[Short text fragments from websites]
○ ○ ○ ○ ○ ○ ○

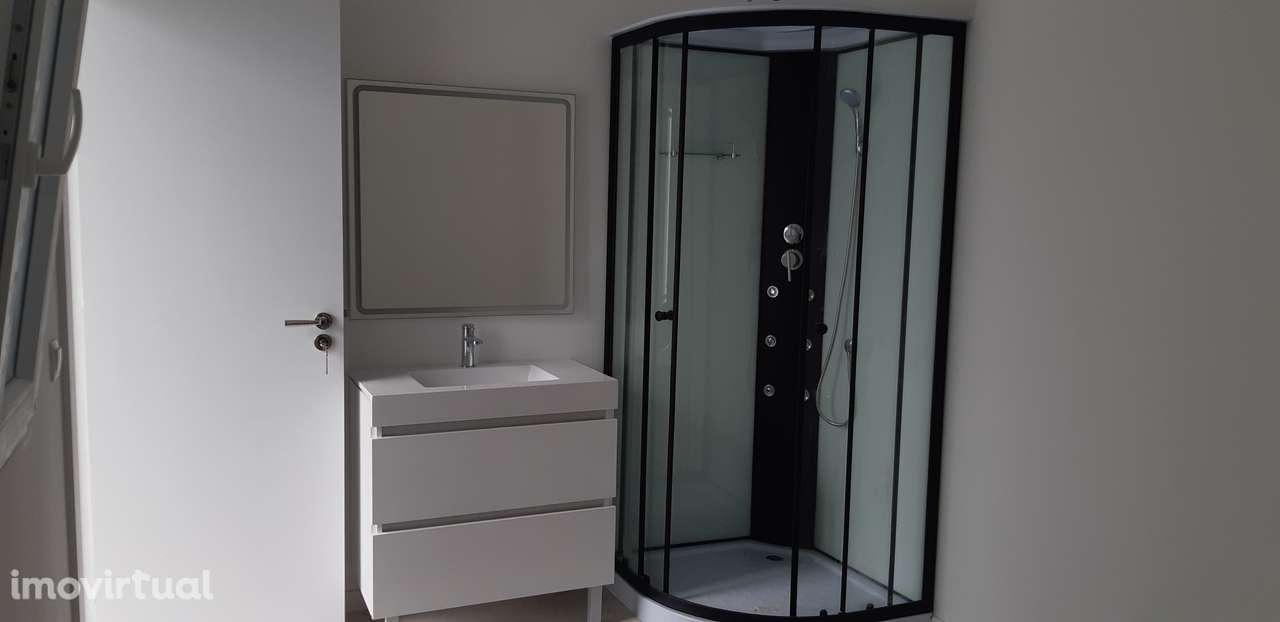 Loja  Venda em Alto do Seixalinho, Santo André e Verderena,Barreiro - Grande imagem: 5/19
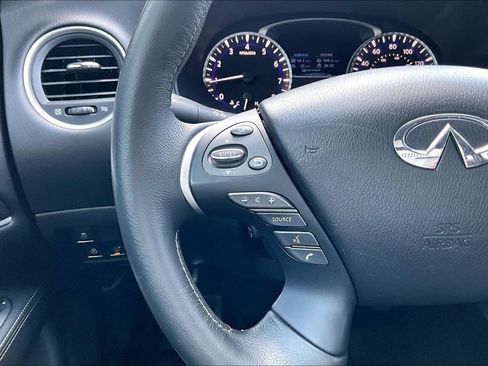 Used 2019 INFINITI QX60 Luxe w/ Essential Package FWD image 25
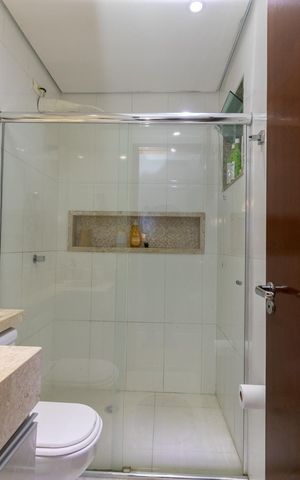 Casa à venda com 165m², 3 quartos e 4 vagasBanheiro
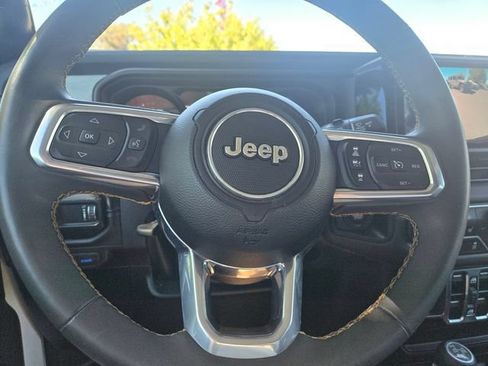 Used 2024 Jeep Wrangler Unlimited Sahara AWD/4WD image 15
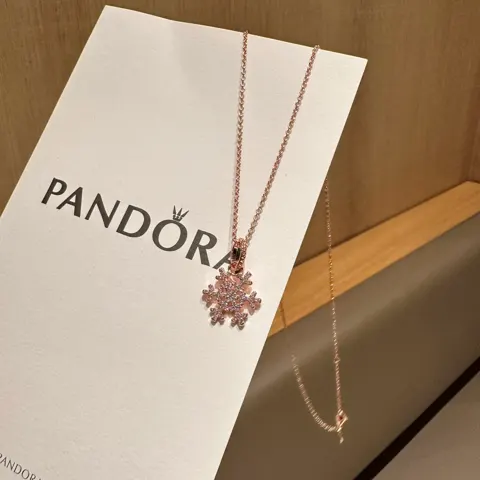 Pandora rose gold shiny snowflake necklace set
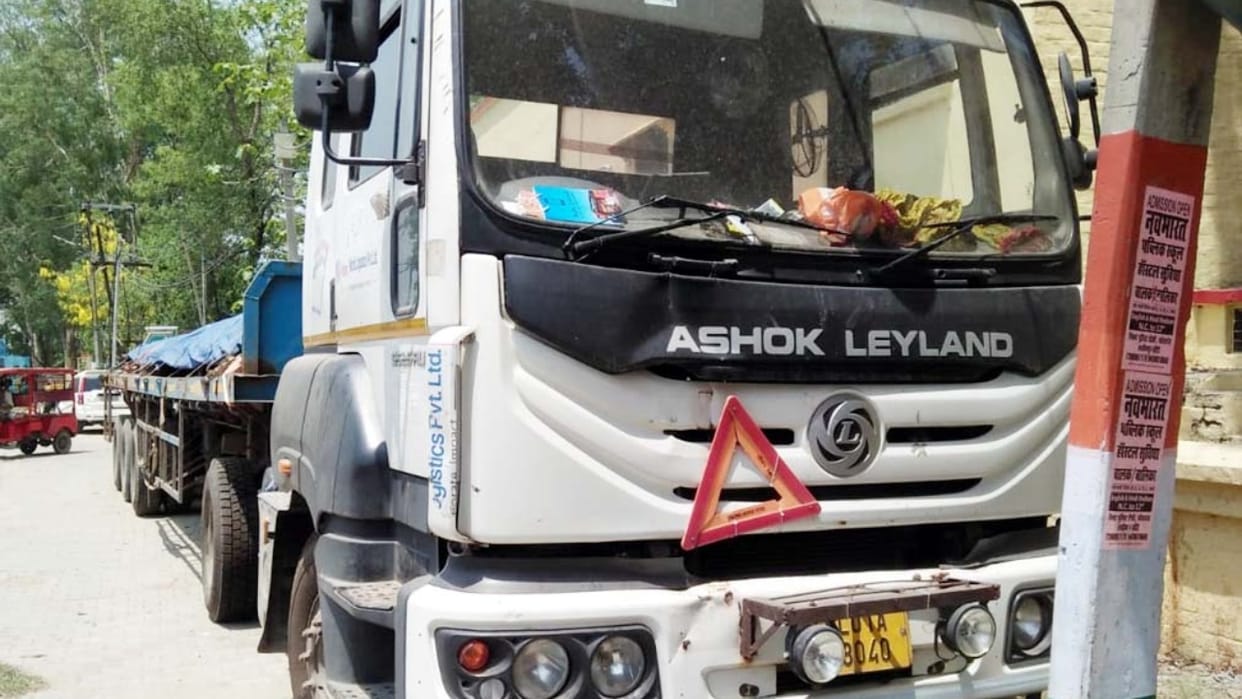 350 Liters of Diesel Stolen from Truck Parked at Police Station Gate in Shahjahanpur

○ ○ ○ ○ ○ ○ ○

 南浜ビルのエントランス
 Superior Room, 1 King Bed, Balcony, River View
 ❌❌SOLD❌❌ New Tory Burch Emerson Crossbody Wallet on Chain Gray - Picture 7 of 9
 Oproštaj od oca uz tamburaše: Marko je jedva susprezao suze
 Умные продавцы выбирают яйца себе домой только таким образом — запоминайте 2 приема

○ ○ ○ ○ ○ ○ ○

* **Exercise instructions**
Repeat, exactly as they stand above, the lines from the line with "Oproštaj od oca" to the line with "Умные продавцы выбирают", both lines included.

* **Task result**
 Oproštaj od oca uz tamburaše: Marko je jedva susprezao suze
 Умные продавцы выбирают яйца себе домой только таким образом — запоминайте 2 приема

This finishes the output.